AgPerry/Qwen3-8B-fim-v2v3pt-swe-lego-posttrain

TEXT GENERATIONConcurrency Cost:1Model Size:8BQuant:FP8Ctx Length:32kPublished:Apr 8, 2026License:otherArchitecture:Transformer Cold

AgPerry/Qwen3-8B-fim-v2v3pt-swe-lego-posttrain is an 8 billion parameter Qwen3-based language model, fine-tuned from a Qwen3-8B-fim-v2v3pt base. This model specializes in tasks related to 'swe_lego_real_data_resolved_trajectories' and 'swe_lego_synthetic_data_resolved_trajectories' datasets. It is optimized for specific applications within the SWE-Lego domain, leveraging its 32K context window for detailed sequence processing.

Loading preview...

Overview

AgPerry/Qwen3-8B-fim-v2v3pt-swe-lego-posttrain is an 8 billion parameter model built upon the Qwen3 architecture. It is a fine-tuned iteration of the /mmu-vcg-hdd/multimodal/models/Qwen3-8B-fim-v2v3pt base model, specifically adapted through post-training on specialized datasets.
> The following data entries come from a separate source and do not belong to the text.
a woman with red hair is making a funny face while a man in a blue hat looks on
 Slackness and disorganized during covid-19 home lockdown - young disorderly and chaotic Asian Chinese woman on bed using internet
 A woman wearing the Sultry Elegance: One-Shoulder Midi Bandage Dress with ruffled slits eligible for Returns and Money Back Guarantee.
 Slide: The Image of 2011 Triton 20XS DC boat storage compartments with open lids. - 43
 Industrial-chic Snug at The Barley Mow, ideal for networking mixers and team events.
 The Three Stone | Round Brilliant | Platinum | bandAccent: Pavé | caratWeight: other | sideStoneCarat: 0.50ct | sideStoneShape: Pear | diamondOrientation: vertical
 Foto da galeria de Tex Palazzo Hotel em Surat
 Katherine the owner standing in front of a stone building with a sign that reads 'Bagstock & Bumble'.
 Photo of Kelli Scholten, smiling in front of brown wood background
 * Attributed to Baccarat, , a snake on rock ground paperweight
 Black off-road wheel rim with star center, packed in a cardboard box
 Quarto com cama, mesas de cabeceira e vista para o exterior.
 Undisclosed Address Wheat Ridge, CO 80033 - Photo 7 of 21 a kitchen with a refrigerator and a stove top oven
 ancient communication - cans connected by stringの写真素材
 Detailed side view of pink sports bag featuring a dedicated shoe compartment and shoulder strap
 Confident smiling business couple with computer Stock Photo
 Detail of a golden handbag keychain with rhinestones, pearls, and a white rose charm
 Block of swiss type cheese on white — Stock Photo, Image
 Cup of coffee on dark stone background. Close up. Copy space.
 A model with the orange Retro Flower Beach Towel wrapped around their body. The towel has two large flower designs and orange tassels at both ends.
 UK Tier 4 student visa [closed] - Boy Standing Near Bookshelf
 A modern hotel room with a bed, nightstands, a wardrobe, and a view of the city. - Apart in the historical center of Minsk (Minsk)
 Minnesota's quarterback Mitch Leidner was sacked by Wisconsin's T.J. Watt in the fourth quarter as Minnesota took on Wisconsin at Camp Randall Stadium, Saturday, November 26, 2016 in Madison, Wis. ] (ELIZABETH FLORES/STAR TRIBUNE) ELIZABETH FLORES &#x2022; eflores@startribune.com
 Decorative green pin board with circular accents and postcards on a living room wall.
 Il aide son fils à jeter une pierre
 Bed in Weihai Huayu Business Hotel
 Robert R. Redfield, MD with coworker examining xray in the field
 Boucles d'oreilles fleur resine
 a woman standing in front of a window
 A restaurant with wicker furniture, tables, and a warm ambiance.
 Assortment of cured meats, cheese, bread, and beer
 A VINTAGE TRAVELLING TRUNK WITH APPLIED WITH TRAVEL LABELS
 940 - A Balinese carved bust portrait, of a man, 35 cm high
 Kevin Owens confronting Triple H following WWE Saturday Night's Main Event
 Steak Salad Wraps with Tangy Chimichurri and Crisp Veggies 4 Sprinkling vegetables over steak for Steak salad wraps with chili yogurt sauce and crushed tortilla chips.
The training process involved a learning rate of 0.0001, a total batch size of 48, and utilized a cosine learning rate scheduler over 4 epochs.

Key Capabilities

  • Specialized Fine-tuning: The model has undergone targeted fine-tuning on swe_lego_real_data_resolved_trajectories and swe_lego_synthetic_data_resolved_trajectories datasets, indicating a focus on tasks related to these specific data types.
  • Qwen3 Architecture: Benefits from the underlying capabilities of the Qwen3 model family.
  • Context Window: Supports a context length of 32,768 tokens, allowing for processing of relatively long sequences.

Good For

  • SWE-Lego Domain Tasks: Ideal for applications requiring understanding or generation within the specific swe_lego data contexts it was trained on.
  • Research and Development: Suitable for researchers exploring the impact of post-training on specialized datasets using a Qwen3 base.